Pourtant, ce qui caractérise les événements de ces derniers jours, c’est que l’Europe ne doit pas faire face uniquement à de simples réfugiés climatiques ou de guerres civiles. Parmi ces migrants se retrouvent également des individus issus de classes moyennes qui n’ont pas été poussés par un état de nécessité mais par un attrait irrésistible du mode de vie occidental, comme en témoigne la présence récurrente dans leurs maigres effets d’un téléphone portable et de son application Facebook. Il est saisissant à cet égard d’entendre dans le flot des malheureux des jeunes éduqués qui pensent avoir atteint l’eldorado après avoir risqué leur vie et s’être faits délestés de 7 000 € en moyenne par des organisations mafieuses.

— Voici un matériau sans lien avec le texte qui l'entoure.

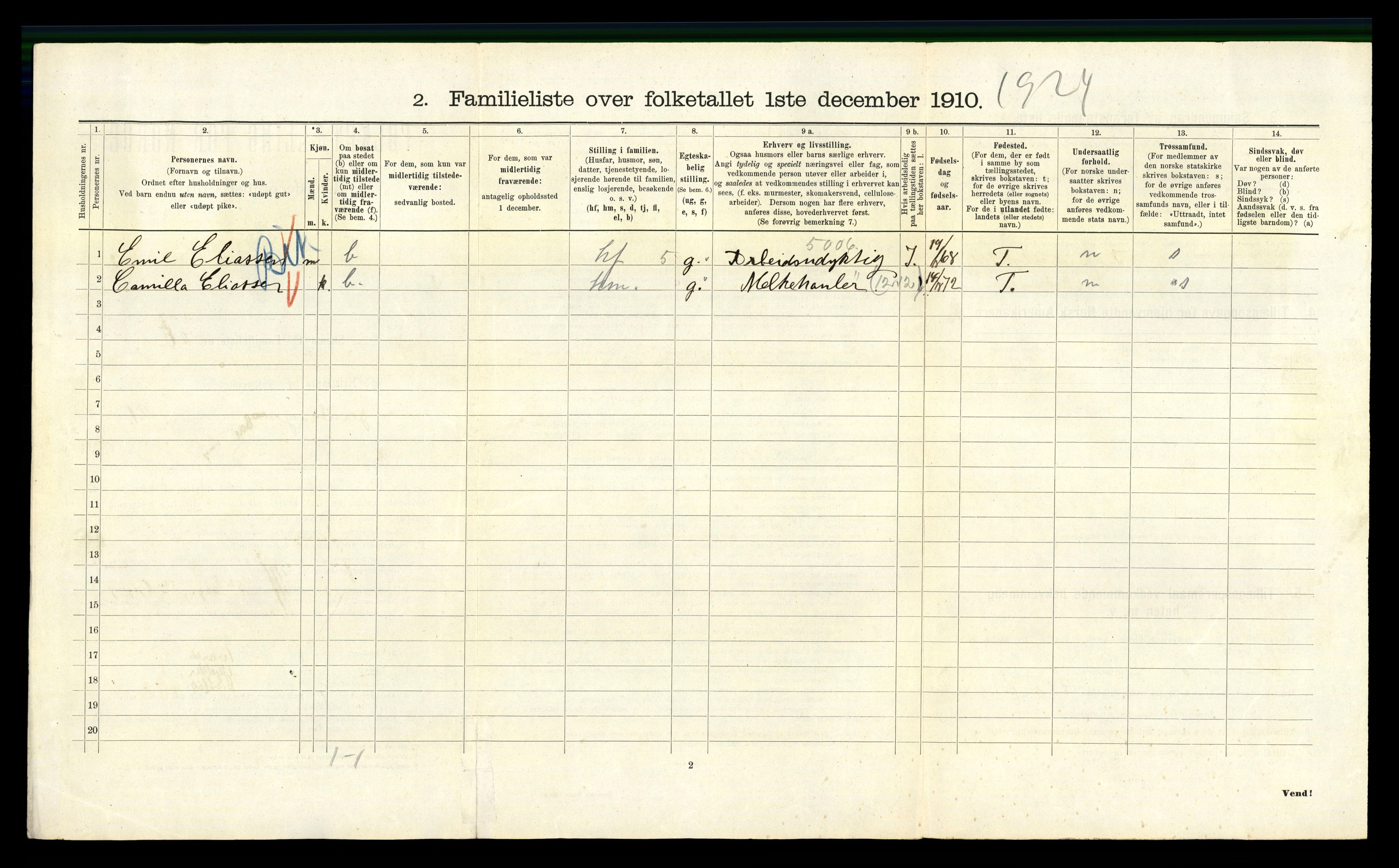 RA, 1910 census for Kristiania, 1910, p. 45860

L’Europe qui fût pendant longtemps une terre d’émigration notamment vers les Amériques peut comprendre l’aspiration de populations à mettre à l’abri et profiter de conditions de vie décentes. Pour autant, les bons sentiments doivent s’accompagner d’une stratégie géopolitique partagée par les citoyens de l’UE. Pour paraphraser Michel Rocard, si l’Europe ne peut accueillir toute la misère du monde, elle est légitimement appelée à prendre sa part, sans pour autant y perdre son âme.
La grande difficulté, c’est que l’Europe n’est pas aujourd’hui un Etat en capacité de contrôler les entrées sur son sol et ses frontières extérieures. L’ampleur des enjeux qui nous font face appelle à un sursaut dans la construction européenne et à sortir du milieu du gué où nous pataugeons depuis 30 ans. C’est à l’échelle du vieux continent que nous trouverons les ressources et les solutions pour éviter une lente mais inexorable dissolution de la civilisation européenne dans une mondialisation sauvage. La relance d’une construction européenne sur un modèle fédéral est notre bouée de sauvetage, c’est la seule voie possible pour tenter de maîtriser notre destin et renouer avec ce que les migrants viennent chercher sur notre sol : l’espérance.